- The Washington Times - Tuesday, May 23, 2023

Former Secretary of State Hillary Clinton said it is fair for voters to ask questions about President Biden’s age in the 2024 election.

If he wins reelection, Mr. Biden will be 82 years old when he takes the oath of office.

Mrs. Clinon said the president’s age, however, is far less concerning than the prospect of former President Donald Trump winning back The White House.

Speaking at the Financial Times Weekend festival in Washington, Mrs. Clinton, the 2016 Democratic presidential nominee who lost to Mr. Trump, was asked about Mr. Biden’s recent stumble on a flight of stairs in Japan.

“We’ve had presidents who have fallen before who were a lot younger and people didn’t go into heart palpations, but his age is an issue and people have every right to consider it,” she said. 

“But you know he has this great saying, and I think he is right, don’t judge him by running against the Almighty but against the alternative, and I am of the camp that I think he is determined to run, he has a good record that three years ago people would not have predicted would have gotten done,” Mrs. Clinton said. “He doesn’t get the credit yet he deserves for what is happening out in the country in terms of jobs and growth and planning for the future.”
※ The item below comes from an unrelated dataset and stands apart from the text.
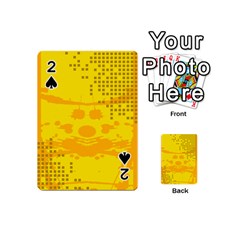 Texture Yellow Abstract Background Playing Cards 54 (mini)  by Nexatart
An ABC News/Washington Post poll released this month found 68% of Americans say he is too old to be president.

Mr. Biden has tried to spin his age into a positive, saying he has “acquired a hell of a lot of wisdom” over his life.

“I know more than the vast majority of people,” Mr. Biden said in a recent interview on MSNBC. “I’m more experienced than anybody who has ever run for the office and I think I’ve proven myself to be honorable as well as also effective.”

Mrs. Clinton, meanwhile, warned a Trump victory would be “disastrous” for the nation.

“If Trump wins, which I do not believe will happen … it would be the end of democracy in the United States. It would be the end of Ukraine,” said Mrs. Clinton, who was first lady and then a U.S. senator from New York before serving as secretary of state in the Obama administration.

Mrs. Clinton predicted that Mr. Trump would pull the U.S. out of NATO. She said it is mind-blogging people that would want to reelect him.

“Any sensible person who looks at this former president and says, ‘Oh let’s do this again,’ needs an intervention because he has only gotten worse,” she said.

Mr. Trump shocked the political establishment in 2016 when he defeated Mrs. Clinton in the presidential race. 

Mrs. Clinton faced immense blowback weeks before the election after she described half of Mr. Trump’s supporters as a “basket of deplorables.”